→ **PROBLEM TO SOLVE**:
Write the entries out again in full and unchanged, dropping every image.
##### SUPPLIED DATA
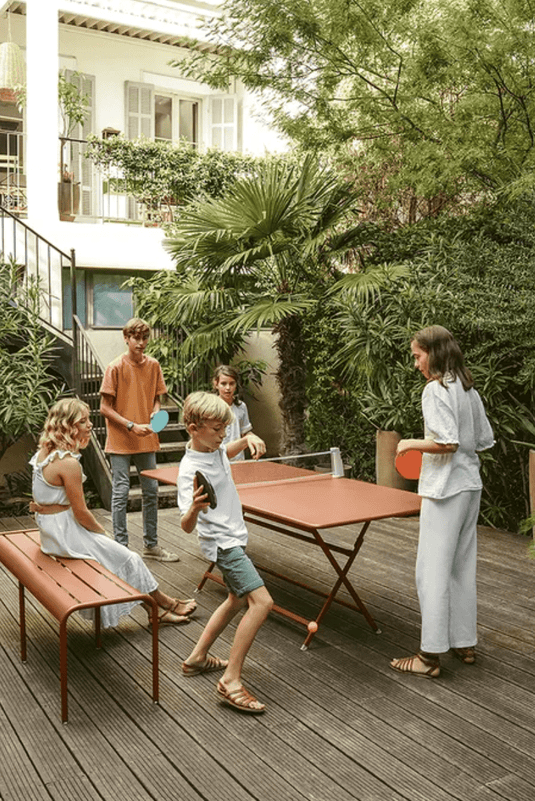 Fermob CARACTÈRE foldable outdoor table, 190 x 90 cm, eight-seater, with a sleek design and sturdy legs, suitable for outdoor dining.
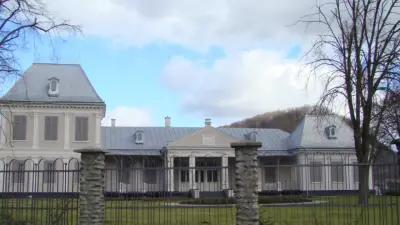 Castelul Lázár Imre din Sărata, Bistrița
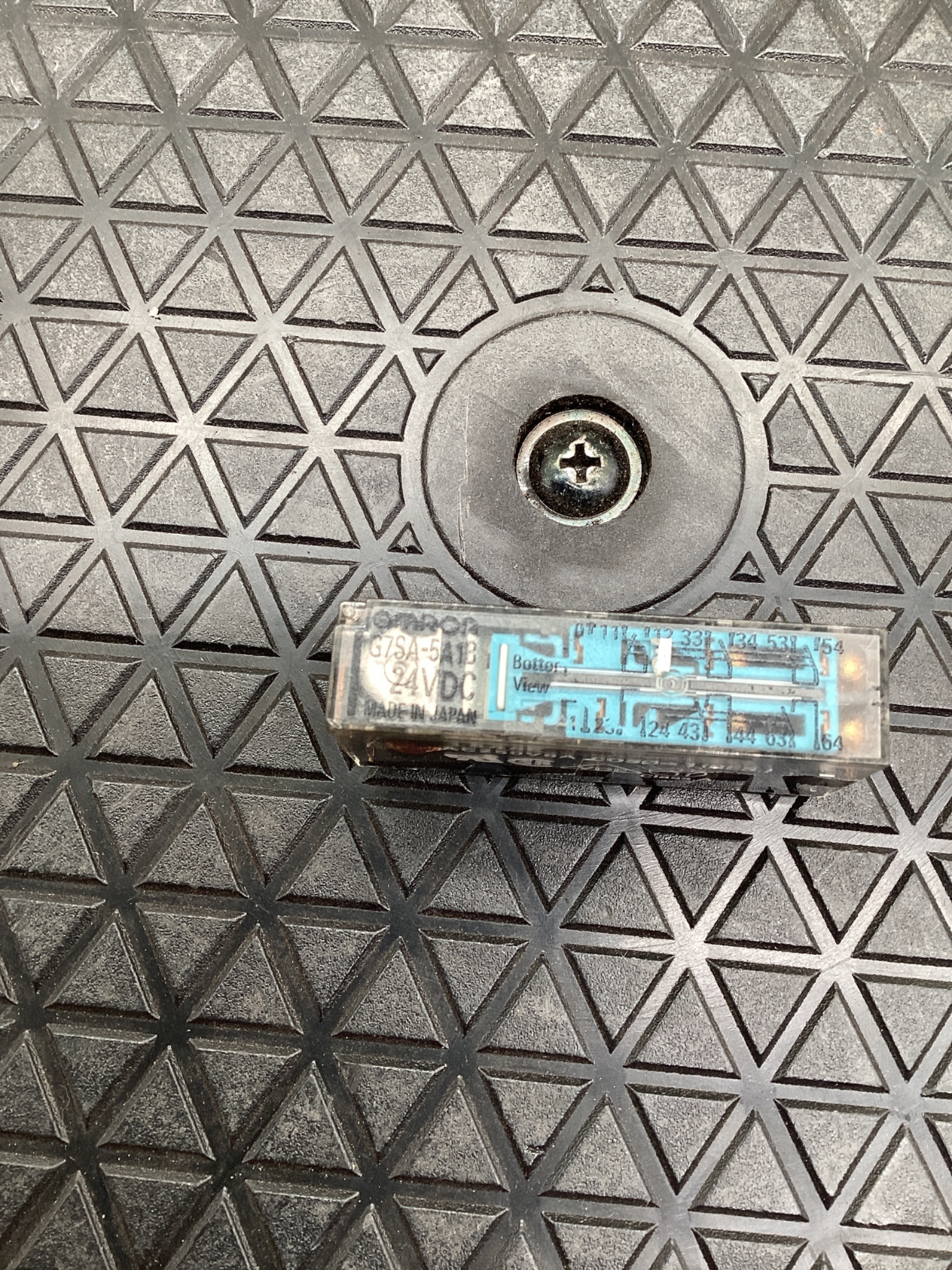 OMRON G7SA-5A1B Safety Relay 24VDC USED 2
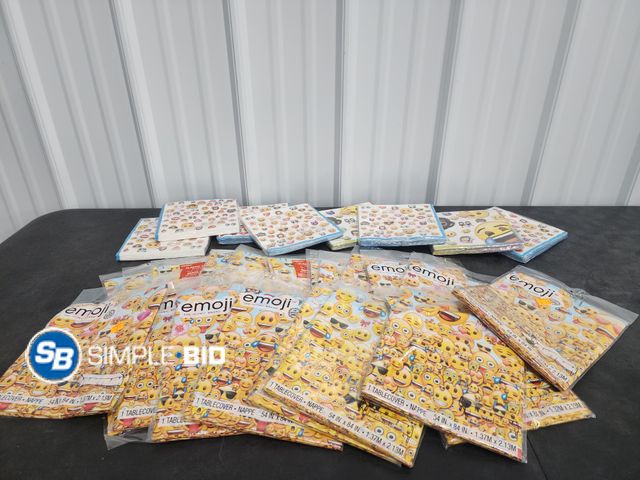 Lot 58-40298 - Lot of EMOJI party supplies - (23) packages of table coverings - 54" x 84" (8) packages of Napkins -...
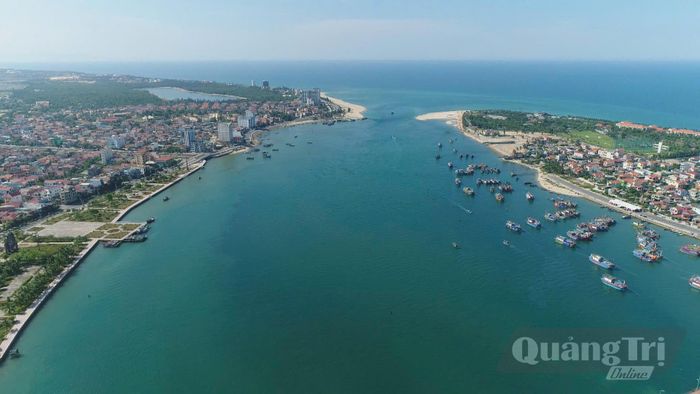 Nỗ lực của các sở, ngành, địa phương để tàu cá trên địa bàn tỉnh đủ điều kiện hoạt động - Ảnh: P.V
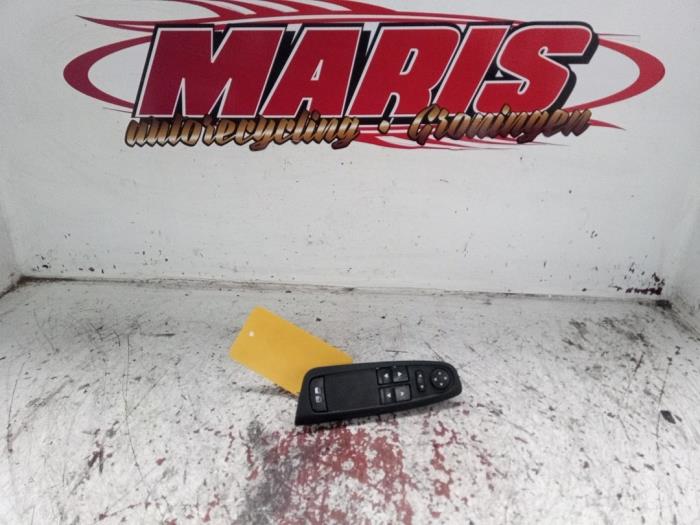 Usados Interruptor de ventanilla eléctrica Fiat Stilo (192A/B) 1.6 16V 5-Drs. Precio € 15,00 Norma de margen ofrecido por Autosloopbedrijf gebr. Maris
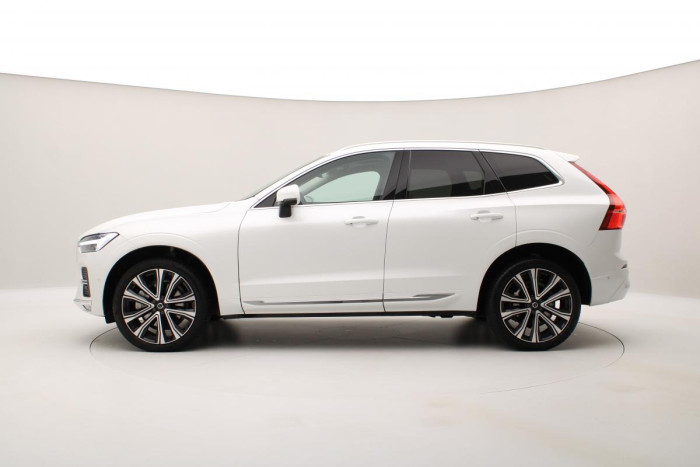 Volvo XC60 B5 AWD ULTIMATE AUT REZERVACE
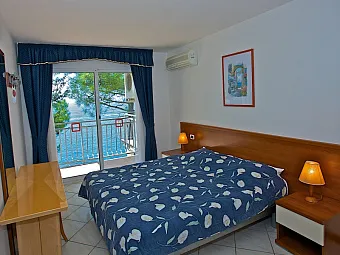 Отель VERUDELA BEACH & VILLAS 3*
##########
→ **OUTPUT BELOW**:
 Fermob CARACTÈRE foldable outdoor table, 190 x 90 cm, eight-seater, with a sleek design and sturdy legs, suitable for outdoor dining.
 Castelul Lázár Imre din Sărata, Bistrița
 OMRON G7SA-5A1B Safety Relay 24VDC USED 2
 Lot 58-40298 - Lot of EMOJI party supplies - (23) packages of table coverings - 54" x 84" (8) packages of Napkins -...
 Nỗ lực của các sở, ngành, địa phương để tàu cá trên địa bàn tỉnh đủ điều kiện hoạt động - Ảnh: P.V
 Usados Interruptor de ventanilla eléctrica Fiat Stilo (192A/B) 1.6 16V 5-Drs. Precio € 15,00 Norma de margen ofrecido por Autosloopbedrijf gebr. Maris
 Volvo XC60 B5 AWD ULTIMATE AUT REZERVACE
 Отель VERUDELA BEACH & VILLAS 3*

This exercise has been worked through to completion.